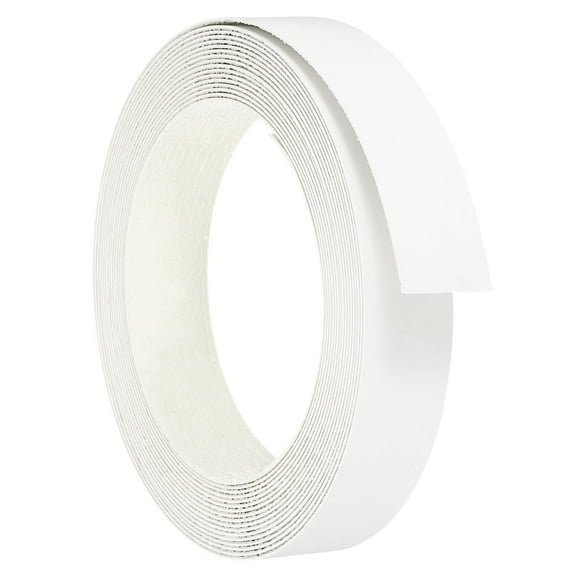 Uxcell Polyvinyl Chloride Edge Banding 1 1/2 inch x 33ft Self-Adhesive Edging Veneer Trim with Hot Melt White Plane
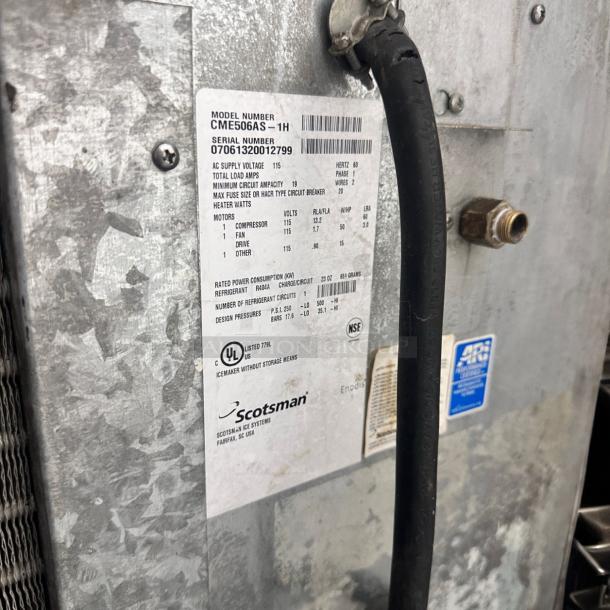 Excellent Scotsman CME506AS-1H Ice Maker with Storage Bin – 115V – Tested & Working! - Image 3 of 3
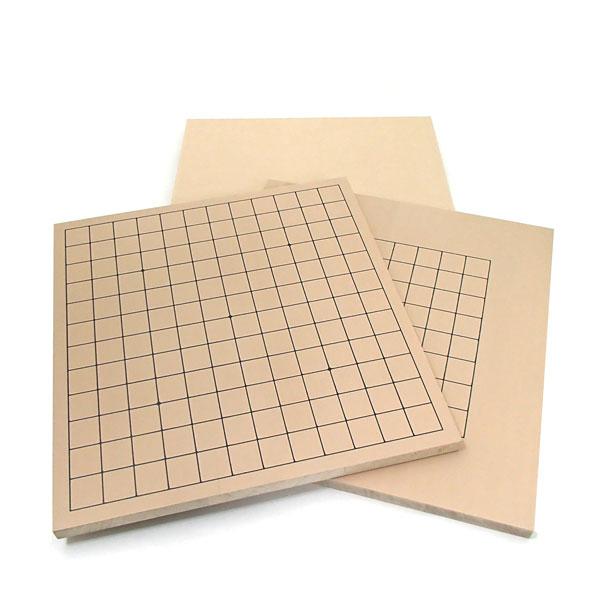 囲碁盤入門セット 安価で手軽 新桂（しんかつら）材 9・13路碁盤に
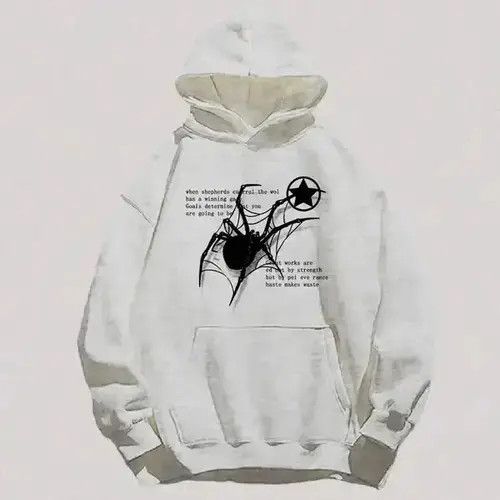 Japanese Brand × Vintage American Retro Spider Printed Top Hoodie Size US M / EU 48-50 / 2 - 1 Thumbnail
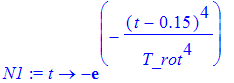 N1 := proc (t) options operator, arrow; -exp(-(t-.15)^4/T_rot^4) end proc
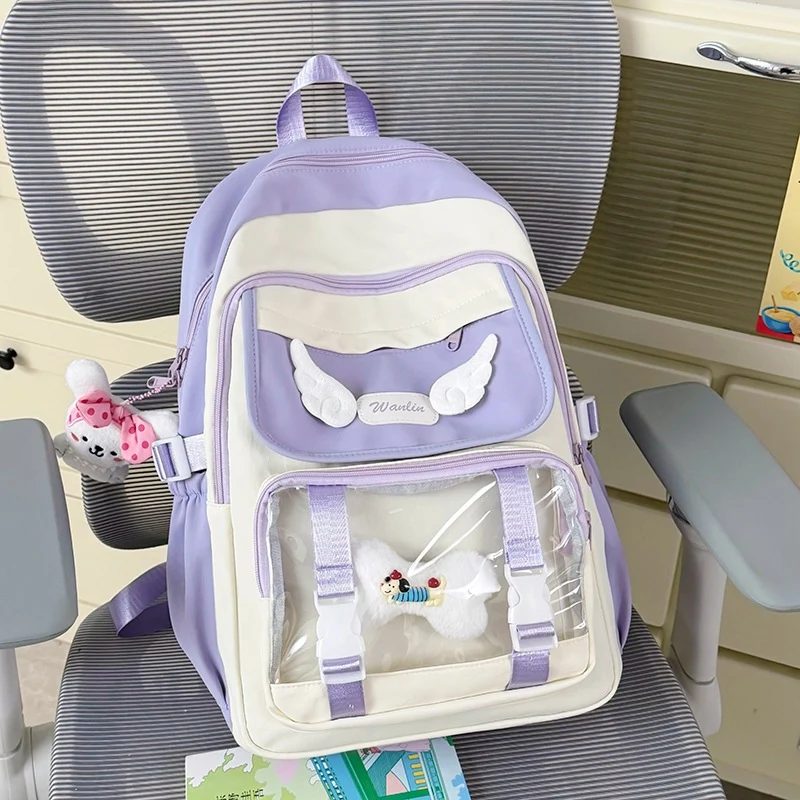 Multi-Taschen Transparenter Rucksack Karnz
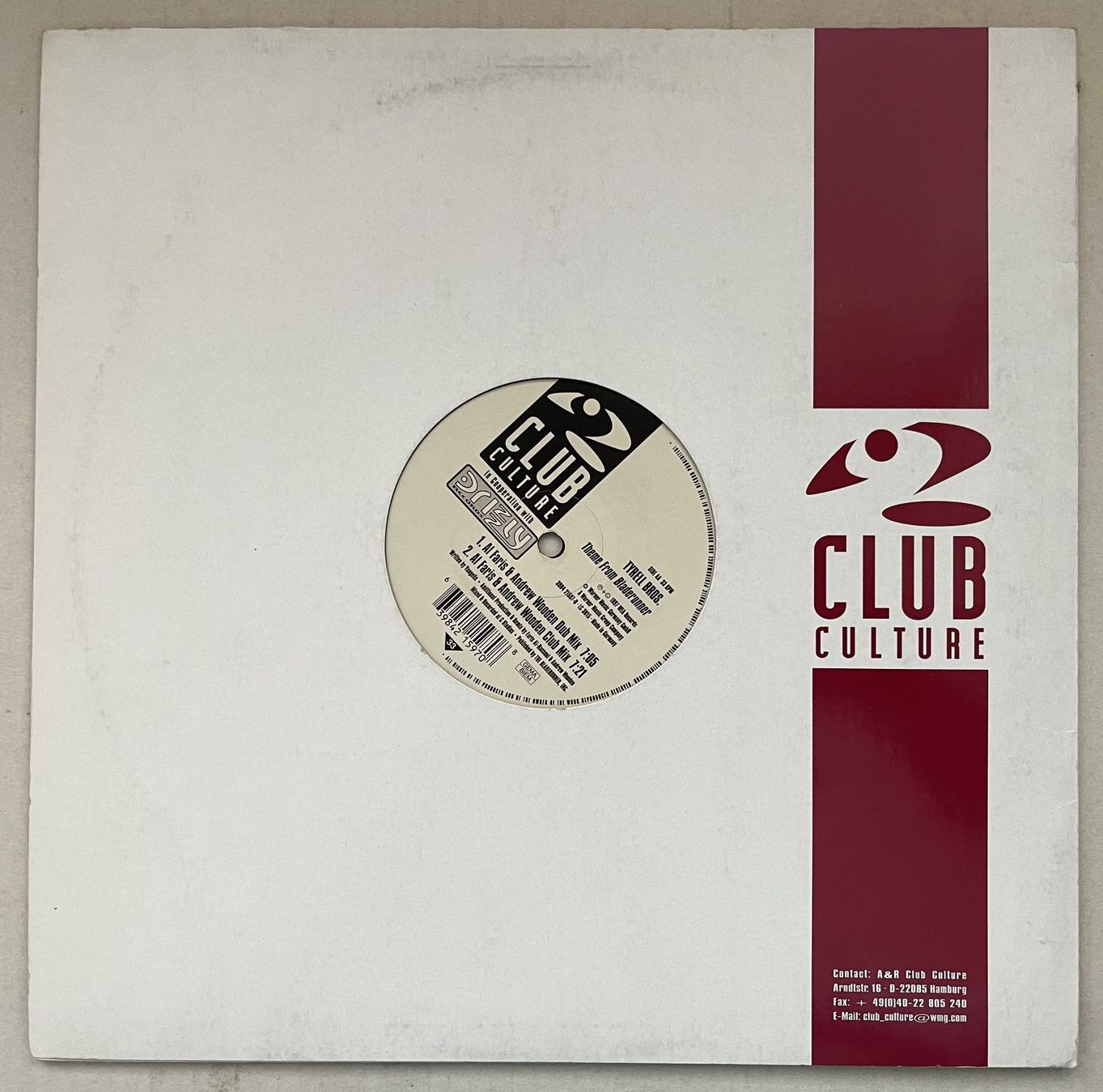 Schallplatten: Tyrell Bros. – Theme From Bladerunner (1997, Vinyl) – Gebraucht aus Oftringen von Vucki 2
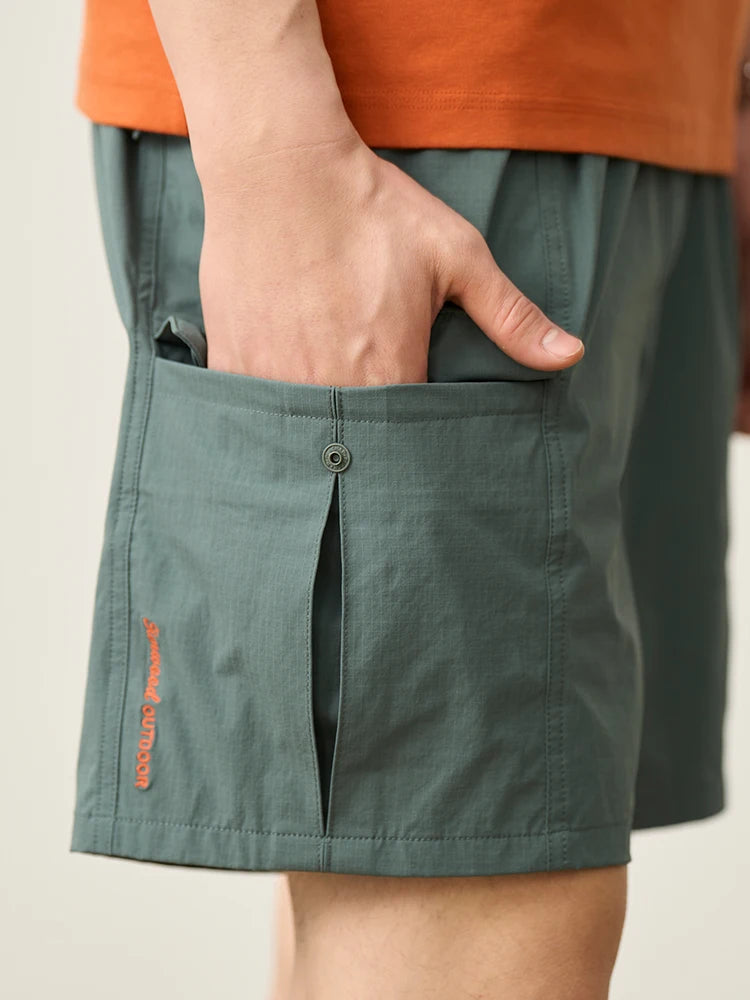 Elastic Waist Quick-Dry Cargo Shorts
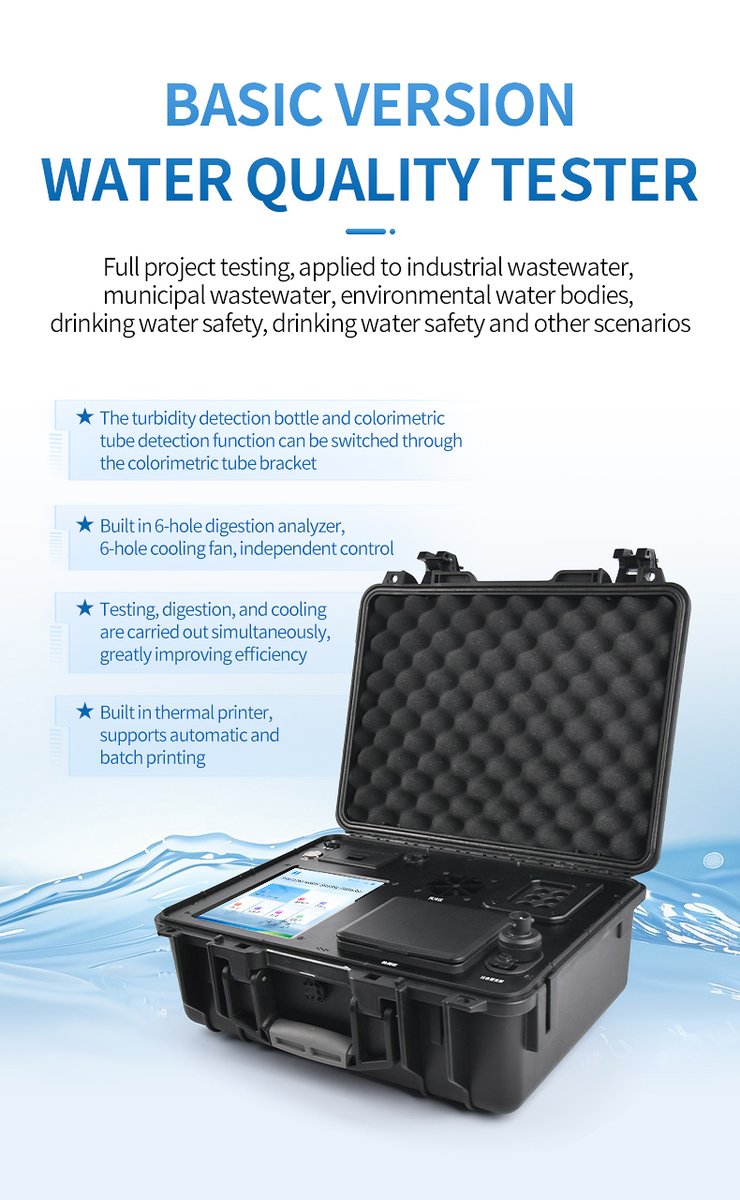 Entry-level portable tester configured for rapid field deployment with built-in digestion capability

....

Exercise instructions: Range to print from the listing above: from the line with "N1 := proc (t)" up to and including the line with "Elastic Waist Quick-Dry Cargo Shorts". Please print those lines exactly, with no pictures and nothing more.

Task response:
 N1 := proc (t) options operator, arrow; -exp(-(t-.15)^4/T_rot^4) end proc
 Multi-Taschen Transparenter Rucksack Karnz
 Schallplatten: Tyrell Bros. – Theme From Bladerunner (1997, Vinyl) – Gebraucht aus Oftringen von Vucki 2
 Elastic Waist Quick-Dry Cargo Shorts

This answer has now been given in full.